I just finished an IGF-1 LR3 cycle and had great results.  I gained a solid amount of weight in a short amount of time while keeping BF low.  I'm planning on running it again in about a month or so.  From what I've read its best to cycle in about 4 week periods.  I only ran 50mcg/day for 20 days my first time.  Next time I think I am going to double it. Well maybe I'll run 2 bottles at 75mcg/day over 30 days.  Also running ghrp2/cjc1295 no dac.  I'm a rep for Elite Peptides so of course I get every thing from them, but I've had crazy results so I know they are 100% quality.  Even had some blood test done... Here is a link to it if you wanna check it out.  

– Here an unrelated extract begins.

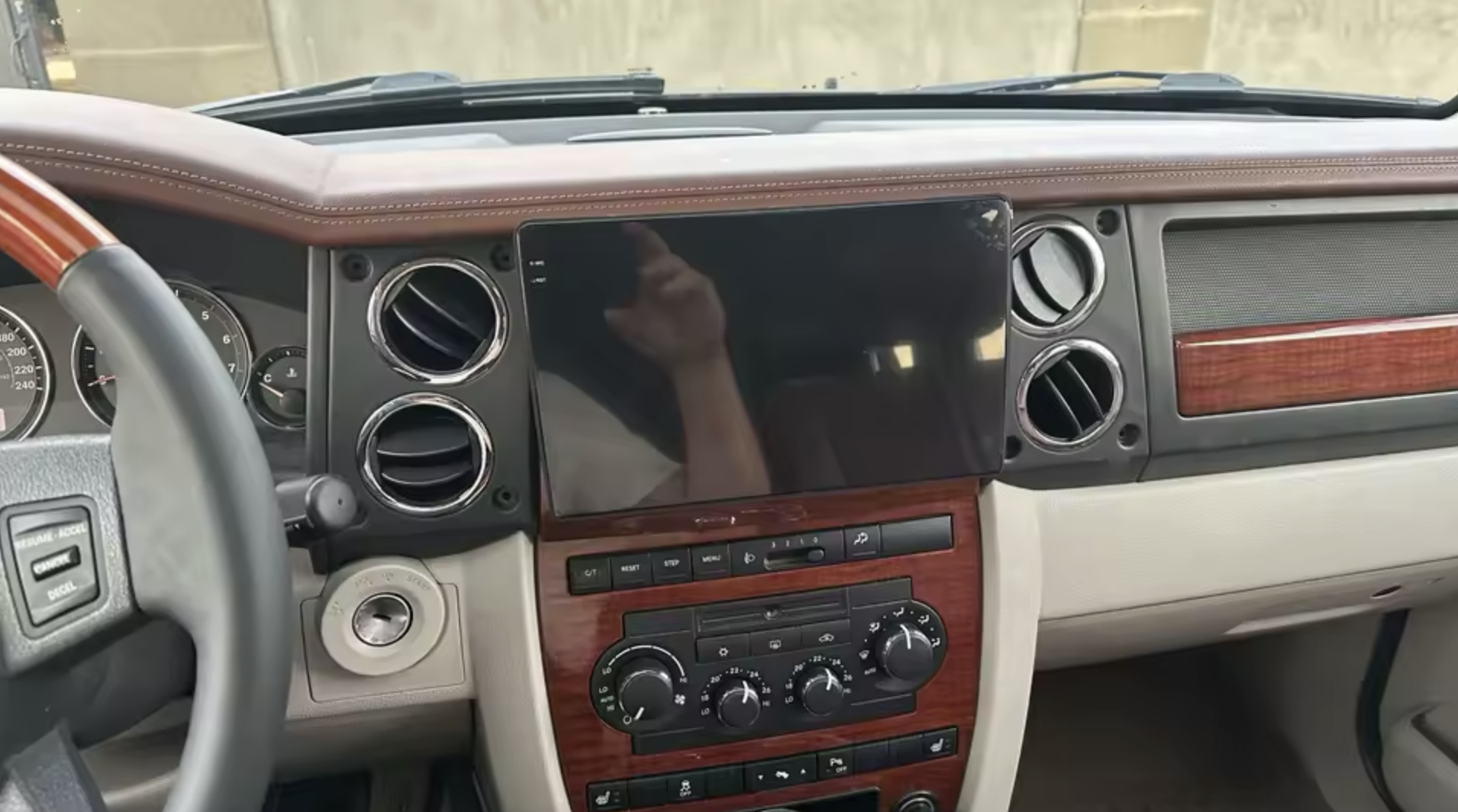 Automedia F0927 merkkikohtainen Android GPS multimedia näyttösoitin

http://www.ironmagazineforums.com/r...5-ghrp-2-cjc-1295-without-dac-blood-test.html


----------



## BoatsN'Hoes (Jan 1, 2014)

SuperLift said:


> I just finished an IGF-1 LR3 cycle and had great results.  I gained a solid amount of weight in a short amount of time while keeping BF low.  I'm planning on running it again in about a month or so.  From what I've read its best to cycle in about 4 week periods.  I only ran 50mcg/day for 20 days my first time.  Next time I think I am going to double it. Well maybe I'll run 2 bottles at 75mcg/day over 30 days.  Also running ghrp2/cjc1295 no dac.  I'm a rep for Elite Peptides so of course I get every thing from them, but I've had crazy results so I know they are 100% quality.  Even had some blood test done... Here is a link to it if you wanna check it out.
> 
> http://www.ironmagazineforums.com/r...5-ghrp-2-cjc-1295-without-dac-blood-test.html



How much weight did you gain in that month on IGF-1 LR3? I only plan on taking 50mcg...


----------



## tl0311 (Jan 1, 2014)

I really like this thread because there has been some GREAT input, that being said. You are literately asking to be spoon fed everything, even sources for IGF and bac. water (which you can simply Google, water is not illegal). come on now


----------



## BoatsN'Hoes (Jan 1, 2014)

tl0311 said:


> I really like this thread because there has been some GREAT input, that being said. You are literately asking to be spoon fed everything, even sources for IGF and bac. water (which you can simply Google, water is not illegal). come on now


Hey you know what you're right, I should just buy any old random IGF-1 Lr3 that I find online, better yet I'll just buy the first one I see, maybe I'll just click the first link I see. Wow, great reply, +1


----------



## tl0311 (Jan 1, 2014)

Apparently  I offended you. There are some great reviews from guys on here. Bacteriostatic H2O is available from almost any med supply store, where you would possibly be getting your pins from. I have seen nothing about faked Bacteriostatic or sodium chloride, so it is safe to say you'd be alright ordering from an online med store. My comment was meant to benefit you. 10 minutes of research can yield bounties of information where as you might have to wait hours or days to receive an answer or not. And it may not be the most correct answer as well, remember a lot of this stuff is based off of opinions(research). Why not try and get as many opinions/answers as possible as to form your own knowledge base and understand what might work best for you?
Its like asking about a first cycle, some guy might say that 1g of test and 1g tren worked great for him, but it isn't the most educated answer for your situation.
               To hit on the reputable sources for the IGF a little more, there are some great companies on this board. Many of them post lab results, and have independent product reviews. There is always going to be a risk with this game, just how it is. However if you get bloods done and they show its bunk, most of the company reps here would make a solid effort to mitigate your problem. And lastly there are source checking rules here as well, but I think your good on that.
               lets look at SuperLift for a second,he was kind enough to even post a link to his log, did you click it? Nope. looked at it for 30 seconds and can now answer your question on gains. He added  the IGF to his cycle when he was at 230lbs @8% BF on 12-10. he finished up on 12-29 at 243lbs and dry so he either stayed the same or went down in BF %. that's a gain( extremely impressive) of 13lbs of LBM but he was researching with other stuff as well . He even tells you what company he got the IGF from. See how simple this is? Your quality source question, dosage question, and what to possible expect in gains question all answered already.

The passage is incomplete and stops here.